DATA RECORDS:
- Opening Delimiter -

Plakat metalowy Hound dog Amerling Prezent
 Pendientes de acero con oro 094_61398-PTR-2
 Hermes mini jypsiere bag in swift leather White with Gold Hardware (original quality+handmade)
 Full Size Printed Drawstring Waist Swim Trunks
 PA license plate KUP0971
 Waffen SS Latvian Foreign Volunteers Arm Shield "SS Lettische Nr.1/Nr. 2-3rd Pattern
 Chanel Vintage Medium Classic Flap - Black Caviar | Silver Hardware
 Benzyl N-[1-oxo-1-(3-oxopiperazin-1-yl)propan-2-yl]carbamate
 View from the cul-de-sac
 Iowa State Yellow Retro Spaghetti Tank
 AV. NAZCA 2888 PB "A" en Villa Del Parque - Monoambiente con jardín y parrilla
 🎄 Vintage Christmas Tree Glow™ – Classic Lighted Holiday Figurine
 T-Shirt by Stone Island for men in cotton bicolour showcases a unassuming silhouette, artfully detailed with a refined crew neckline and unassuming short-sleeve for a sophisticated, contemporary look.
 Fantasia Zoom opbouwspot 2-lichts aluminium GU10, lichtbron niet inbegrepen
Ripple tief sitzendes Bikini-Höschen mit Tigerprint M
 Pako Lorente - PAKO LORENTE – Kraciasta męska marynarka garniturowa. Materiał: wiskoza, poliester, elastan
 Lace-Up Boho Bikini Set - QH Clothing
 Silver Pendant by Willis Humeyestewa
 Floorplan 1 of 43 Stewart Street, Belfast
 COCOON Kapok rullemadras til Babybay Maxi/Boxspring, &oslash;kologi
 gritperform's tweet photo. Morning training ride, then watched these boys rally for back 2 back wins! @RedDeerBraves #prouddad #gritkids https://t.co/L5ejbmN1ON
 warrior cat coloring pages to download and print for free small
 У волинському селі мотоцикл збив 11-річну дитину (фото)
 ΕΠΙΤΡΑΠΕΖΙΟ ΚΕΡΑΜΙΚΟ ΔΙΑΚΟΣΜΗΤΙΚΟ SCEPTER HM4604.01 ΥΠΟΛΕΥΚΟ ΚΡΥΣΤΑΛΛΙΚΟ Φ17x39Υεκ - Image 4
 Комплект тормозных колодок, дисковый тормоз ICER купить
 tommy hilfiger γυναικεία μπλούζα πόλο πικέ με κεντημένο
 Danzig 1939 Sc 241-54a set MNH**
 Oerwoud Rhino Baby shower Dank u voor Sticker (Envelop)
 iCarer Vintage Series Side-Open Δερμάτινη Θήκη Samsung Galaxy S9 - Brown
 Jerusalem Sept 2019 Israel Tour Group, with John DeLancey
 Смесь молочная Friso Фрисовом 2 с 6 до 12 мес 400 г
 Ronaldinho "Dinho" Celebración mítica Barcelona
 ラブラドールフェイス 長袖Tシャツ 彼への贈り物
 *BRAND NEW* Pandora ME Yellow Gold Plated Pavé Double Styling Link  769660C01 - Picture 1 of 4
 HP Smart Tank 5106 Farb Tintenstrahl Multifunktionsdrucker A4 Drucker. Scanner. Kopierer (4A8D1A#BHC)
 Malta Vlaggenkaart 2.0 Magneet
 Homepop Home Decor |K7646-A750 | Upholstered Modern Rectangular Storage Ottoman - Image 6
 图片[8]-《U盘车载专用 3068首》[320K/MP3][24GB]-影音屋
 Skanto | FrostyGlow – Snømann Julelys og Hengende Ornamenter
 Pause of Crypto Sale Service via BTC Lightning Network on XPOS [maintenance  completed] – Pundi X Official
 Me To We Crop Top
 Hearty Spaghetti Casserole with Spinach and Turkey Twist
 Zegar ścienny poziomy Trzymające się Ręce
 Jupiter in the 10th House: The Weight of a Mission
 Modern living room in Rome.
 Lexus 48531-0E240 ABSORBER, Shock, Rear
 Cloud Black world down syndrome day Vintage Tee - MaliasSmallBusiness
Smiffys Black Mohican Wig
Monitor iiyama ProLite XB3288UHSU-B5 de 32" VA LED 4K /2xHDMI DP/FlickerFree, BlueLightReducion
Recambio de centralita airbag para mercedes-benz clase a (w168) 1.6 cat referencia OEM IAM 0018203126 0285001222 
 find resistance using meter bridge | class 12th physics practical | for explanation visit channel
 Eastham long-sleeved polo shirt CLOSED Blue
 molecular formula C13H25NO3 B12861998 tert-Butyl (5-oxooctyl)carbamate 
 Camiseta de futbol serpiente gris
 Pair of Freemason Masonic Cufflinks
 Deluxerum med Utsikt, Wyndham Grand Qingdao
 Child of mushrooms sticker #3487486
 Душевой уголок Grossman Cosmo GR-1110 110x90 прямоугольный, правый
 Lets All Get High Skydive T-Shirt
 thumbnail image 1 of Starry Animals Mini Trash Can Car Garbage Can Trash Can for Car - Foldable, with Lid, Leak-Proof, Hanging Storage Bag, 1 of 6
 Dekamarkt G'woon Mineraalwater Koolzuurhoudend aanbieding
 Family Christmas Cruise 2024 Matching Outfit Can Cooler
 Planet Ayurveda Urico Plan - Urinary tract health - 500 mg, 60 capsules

- Closing Delimiter -

EXERCISE AIM: An exact transcription of the entries is needed, complete to the final line.

EXERCISE RESPONSE:
Plakat metalowy Hound dog Amerling Prezent
 Pendientes de acero con oro 094_61398-PTR-2
 Hermes mini jypsiere bag in swift leather White with Gold Hardware (original quality+handmade)
 Full Size Printed Drawstring Waist Swim Trunks
 PA license plate KUP0971
 Waffen SS Latvian Foreign Volunteers Arm Shield "SS Lettische Nr.1/Nr. 2-3rd Pattern
 Chanel Vintage Medium Classic Flap - Black Caviar | Silver Hardware
 Benzyl N-[1-oxo-1-(3-oxopiperazin-1-yl)propan-2-yl]carbamate
 View from the cul-de-sac
 Iowa State Yellow Retro Spaghetti Tank
 AV. NAZCA 2888 PB "A" en Villa Del Parque - Monoambiente con jardín y parrilla
 🎄 Vintage Christmas Tree Glow™ – Classic Lighted Holiday Figurine
 T-Shirt by Stone Island for men in cotton bicolour showcases a unassuming silhouette, artfully detailed with a refined crew neckline and unassuming short-sleeve for a sophisticated, contemporary look.
 Fantasia Zoom opbouwspot 2-lichts aluminium GU10, lichtbron niet inbegrepen
Ripple tief sitzendes Bikini-Höschen mit Tigerprint M
 Pako Lorente - PAKO LORENTE – Kraciasta męska marynarka garniturowa. Materiał: wiskoza, poliester, elastan
 Lace-Up Boho Bikini Set - QH Clothing
 Silver Pendant by Willis Humeyestewa
 Floorplan 1 of 43 Stewart Street, Belfast
 COCOON Kapok rullemadras til Babybay Maxi/Boxspring, &oslash;kologi
 gritperform's tweet photo. Morning training ride, then watched these boys rally for back 2 back wins! @RedDeerBraves #prouddad #gritkids https://t.co/L5ejbmN1ON
 warrior cat coloring pages to download and print for free small
 У волинському селі мотоцикл збив 11-річну дитину (фото)
 ΕΠΙΤΡΑΠΕΖΙΟ ΚΕΡΑΜΙΚΟ ΔΙΑΚΟΣΜΗΤΙΚΟ SCEPTER HM4604.01 ΥΠΟΛΕΥΚΟ ΚΡΥΣΤΑΛΛΙΚΟ Φ17x39Υεκ - Image 4
 Комплект тормозных колодок, дисковый тормоз ICER купить
 tommy hilfiger γυναικεία μπλούζα πόλο πικέ με κεντημένο
 Danzig 1939 Sc 241-54a set MNH**
 Oerwoud Rhino Baby shower Dank u voor Sticker (Envelop)
 iCarer Vintage Series Side-Open Δερμάτινη Θήκη Samsung Galaxy S9 - Brown
 Jerusalem Sept 2019 Israel Tour Group, with John DeLancey
 Смесь молочная Friso Фрисовом 2 с 6 до 12 мес 400 г
 Ronaldinho "Dinho" Celebración mítica Barcelona
 ラブラドールフェイス 長袖Tシャツ 彼への贈り物
 *BRAND NEW* Pandora ME Yellow Gold Plated Pavé Double Styling Link  769660C01 - Picture 1 of 4
 HP Smart Tank 5106 Farb Tintenstrahl Multifunktionsdrucker A4 Drucker. Scanner. Kopierer (4A8D1A#BHC)
 Malta Vlaggenkaart 2.0 Magneet
 Homepop Home Decor |K7646-A750 | Upholstered Modern Rectangular Storage Ottoman - Image 6
 图片[8]-《U盘车载专用 3068首》[320K/MP3][24GB]-影音屋
 Skanto | FrostyGlow – Snømann Julelys og Hengende Ornamenter
 Pause of Crypto Sale Service via BTC Lightning Network on XPOS [maintenance  completed] – Pundi X Official
 Me To We Crop Top
 Hearty Spaghetti Casserole with Spinach and Turkey Twist
 Zegar ścienny poziomy Trzymające się Ręce
 Jupiter in the 10th House: The Weight of a Mission
 Modern living room in Rome.
 Lexus 48531-0E240 ABSORBER, Shock, Rear
 Cloud Black world down syndrome day Vintage Tee - MaliasSmallBusiness
Smiffys Black Mohican Wig
Monitor iiyama ProLite XB3288UHSU-B5 de 32" VA LED 4K /2xHDMI DP/FlickerFree, BlueLightReducion
Recambio de centralita airbag para mercedes-benz clase a (w168) 1.6 cat referencia OEM IAM 0018203126 0285001222 
 find resistance using meter bridge | class 12th physics practical | for explanation visit channel
 Eastham long-sleeved polo shirt CLOSED Blue
 molecular formula C13H25NO3 B12861998 tert-Butyl (5-oxooctyl)carbamate 
 Camiseta de futbol serpiente gris
 Pair of Freemason Masonic Cufflinks
 Deluxerum med Utsikt, Wyndham Grand Qingdao
 Child of mushrooms sticker #3487486
 Душевой уголок Grossman Cosmo GR-1110 110x90 прямоугольный, правый
 Lets All Get High Skydive T-Shirt
 thumbnail image 1 of Starry Animals Mini Trash Can Car Garbage Can Trash Can for Car - Foldable, with Lid, Leak-Proof, Hanging Storage Bag, 1 of 6
 Dekamarkt G'woon Mineraalwater Koolzuurhoudend aanbieding
 Family Christmas Cruise 2024 Matching Outfit Can Cooler
 Planet Ayurveda Urico Plan - Urinary tract health - 500 mg, 60 capsules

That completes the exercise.